KK
US • —
$0.00
P/E
22.73
PEG
0.89
FCF Yield
—
Rev Growth YoY
-6.4% YoY
Gross Margin
36.0%
Health Score
5/10
D/E Ratio
1.52
Confidence
MEDIUM
Business Snapshot
This company operates within its sector but specific business details, primary revenue-generating products, and market position cannot be determined from the available data. The market capitalisation tier and precise financial scale are unavailable from the provided information. The trailing twelve-month revenue figure is not reported, while earnings show a growth rate of 25.6%. A defining characteristic cannot be identified from the limited data provided.
Financial Health
The gross margin stands at 36.0%, but a prior year comparison is not available for trend assessment. The net margin is a reasonable 10.6%, indicating the company retains a moderate portion of revenue as profit after all expenses...
Risk Assessment
- REVENUE DECELERATION — Revenue is declining by 6.4% year-over-year, a clear sign of top-line contraction.
- DEBT / LIQUIDITY — Debt/equity of 1.52x is elevated, and a current ratio of 0.81x indicates a potential liquidity shortfall.
- TECHNICALS — RSI, MACD, and moving average data unavailable for this period; momentum cannot be independently confirmed.
- ANALYST SENTIMENT — Analysts are overwhelmingly cautious, with 0% buy ratings and 81% hold ratings, reflecting limited Wall Street support.
- INSIDER ACTIVITY — Insider activity over the last 90 days shows a net sell signal, with 0 buys versus 1 sell....

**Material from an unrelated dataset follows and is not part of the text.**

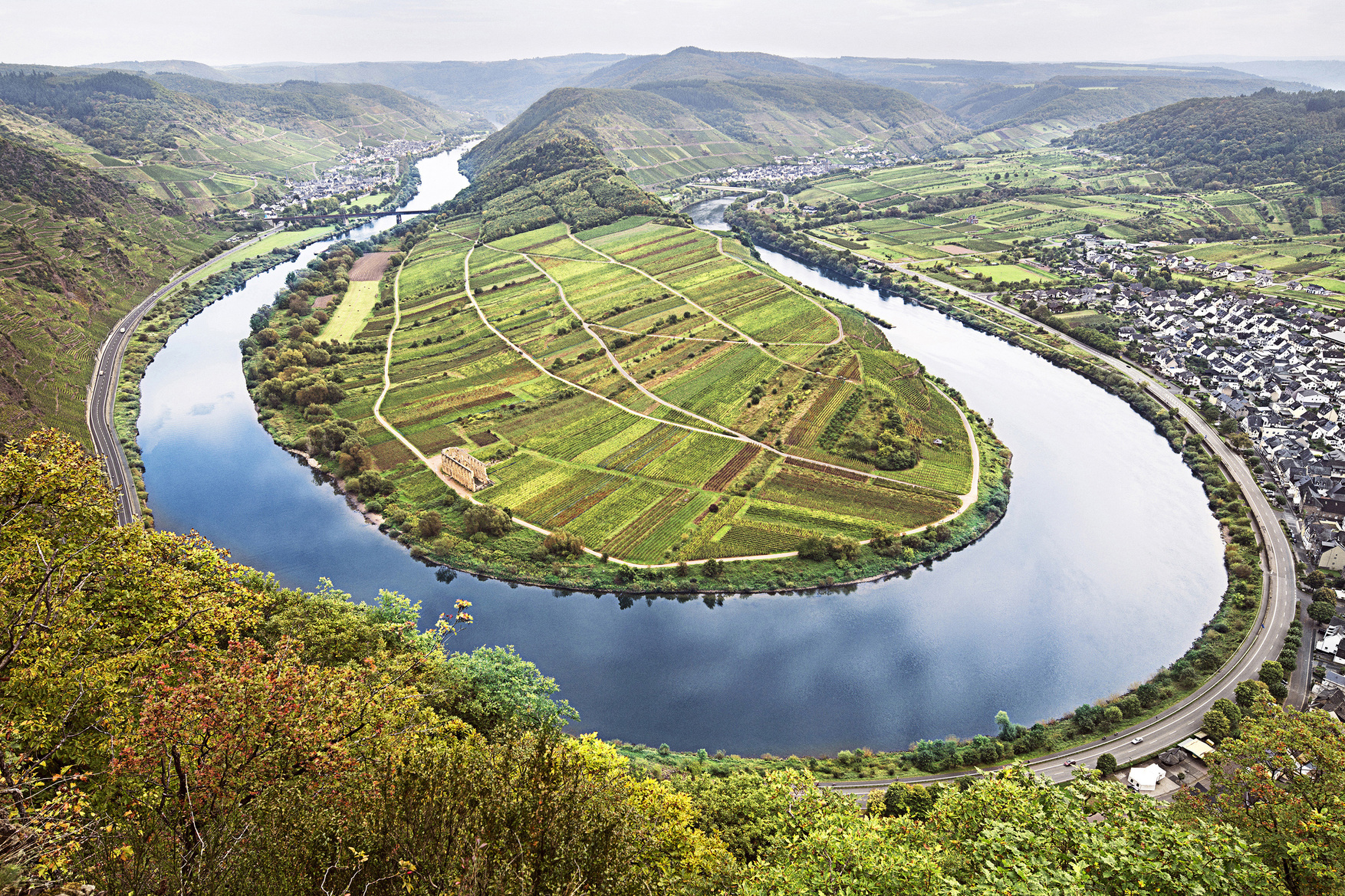 摩泽尔区（ Mosel ） 土壤与气候都得天独厚，适合酿出顶级好酒。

The gross margin stands at 36.0%, but a prior year comparison is not available for trend assessment. The net margin is a reasonable 10.6%, indicating the company retains a moderate portion of revenue as profit after all expenses. The balance sheet shows a debt/equity ratio of 1.52x, which is elevated and suggests a leveraged capital structure, while the current ratio of 0.81x signals potential near-term liquidity pressure as current liabilities exceed current assets. Return on equity is strong at 31.9%, implying efficient use of shareholder equity to generate profits. Free cash flow and FCF yield are not reported, making it impossible to assess the company's ability to self-fund operations, pay dividends, or reduce debt; this lack of cash flow visibility is a concern.
- REVENUE DECELERATION — Revenue is declining by 6.4% year-over-year, a clear sign of top-line contraction. - DEBT / LIQUIDITY — Debt/equity of 1.52x is elevated, and a current ratio of 0.81x indicates a potential liquidity shortfall. - TECHNICALS — RSI, MACD, and moving average data unavailable for this period; momentum cannot be independently confirmed. - ANALYST SENTIMENT — Analysts are overwhelmingly cautious, with 0% buy ratings and 81% hold ratings, reflecting limited Wall Street support. - INSIDER ACTIVITY — Insider activity over the last 90 days shows a net sell signal, with 0 buys versus 1 sell.